*** Begin section ***

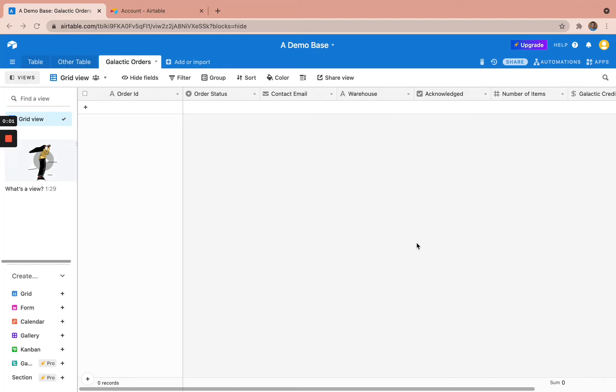Hello. So today we're going to show how Census can be used with Airtable to help order fulfillment at an e-commerce company.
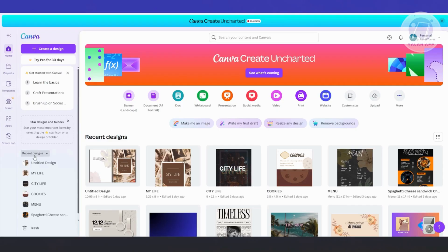You might be wondering how do you design your basketball jersey here in Canva. Well, the great thing about Canva is since the platform allows you to use templates to create designs, you could also create designs for jerseys or basketball jerseys.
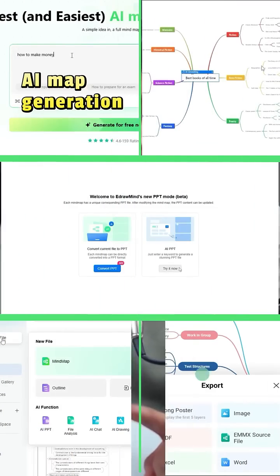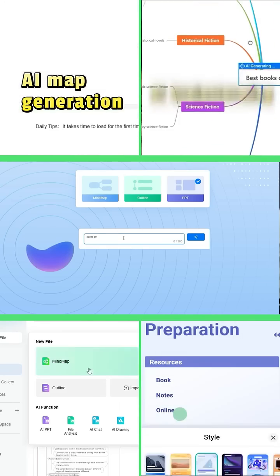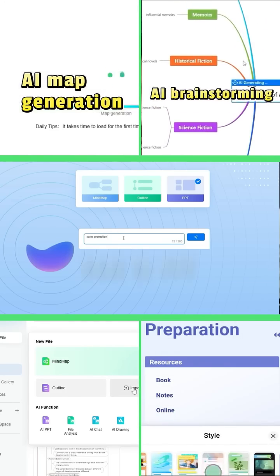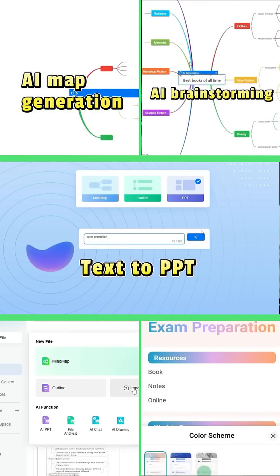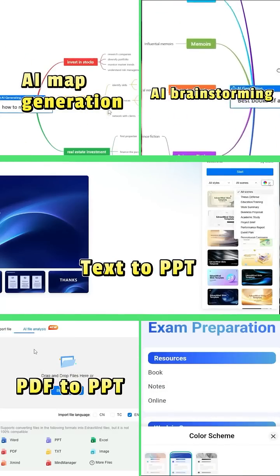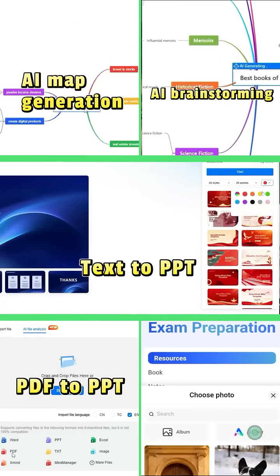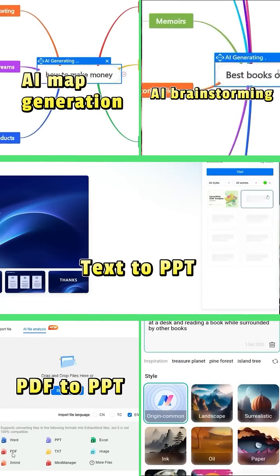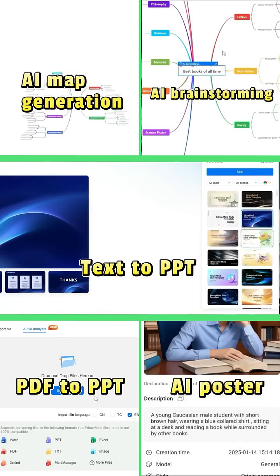Including AI map generation, AI brainstorming, text-to-PPT conversion, PDF-to-PPT transformation, AI poster creation, and so much more.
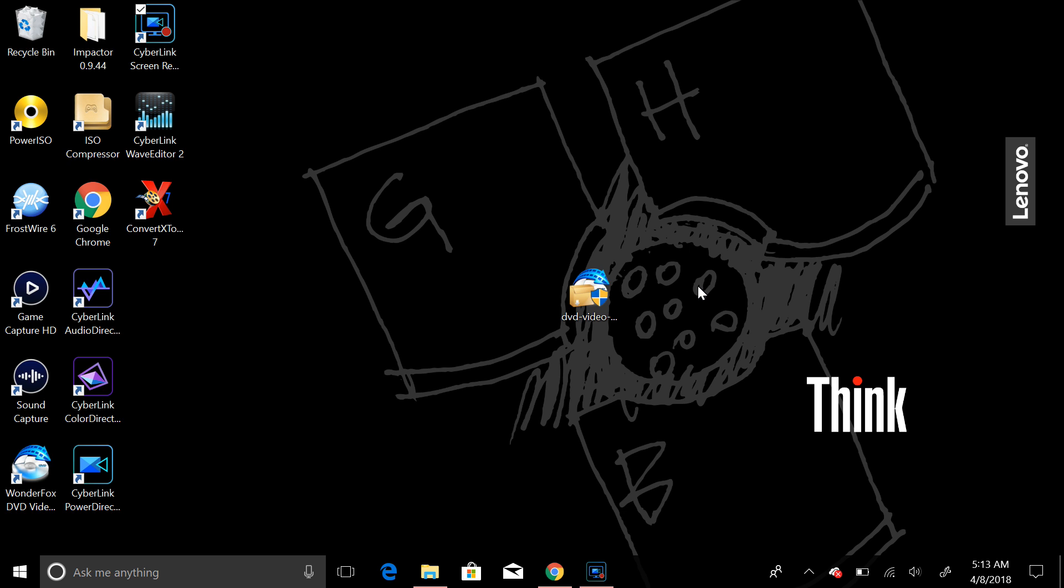It's WonderFox DVD Video Converter Pro. Basically what this is, I did a review on their Converter Pro, their last version, and their DVD ripping software. This is a combination of both softwares.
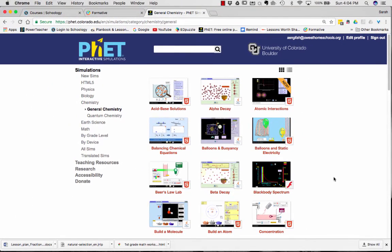So that's a general overview of the PhET simulation site and how to log in and create a teacher's account.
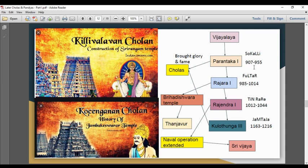Raja Raja I is associated with the Brihadeeshwara temple. His period was 985 to 1014 CE.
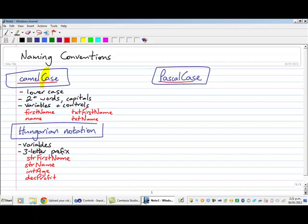Well, over here in Pascal Case, the start of every single word is capitalized. And we use this when we are naming procedures or functions that we're creating ourselves.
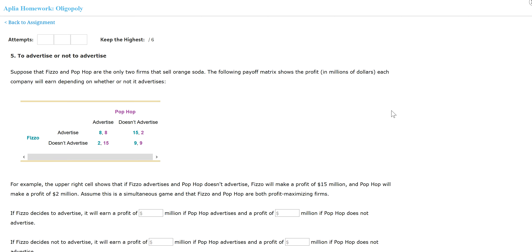This is number five in an oligopoly structure — to advertise or not to advertise. Suppose that Feasel and Pop-Pop are the only two firms that sell orange soda. The following payoff matrix shows the profit each company will earn depending on whether or not it advertises.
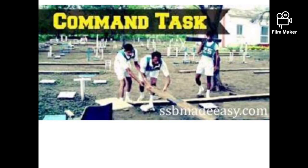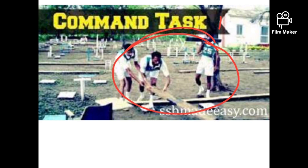The toughest task of the series is the Command Task - the second task of Day 2. You are called individually and the GTO makes you work alone. Candidates get very scared by this. The previously recommended candidate, chest number 17, was called first. The GTO scolded him a lot initially to test him. His task was completed in 8-10 minutes at a moderate level. Then I was called - chest number 14.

*** End section ***

Exercise brief
In the records above, find the line with "Raja Raja I" and the line with "This is number", then restate word for word only those two lines and all lines between, omitting pictures.

Response area
Raja Raja I is associated with the Brihadeeshwara temple. His period was 985 to 1014 CE.
Well, over here in Pascal Case, the start of every single word is capitalized. And we use this when we are naming procedures or functions that we're creating ourselves.
This is number five in an oligopoly structure — to advertise or not to advertise. Suppose that Feasel and Pop-Pop are the only two firms that sell orange soda. The following payoff matrix shows the profit each company will earn depending on whether or not it advertises.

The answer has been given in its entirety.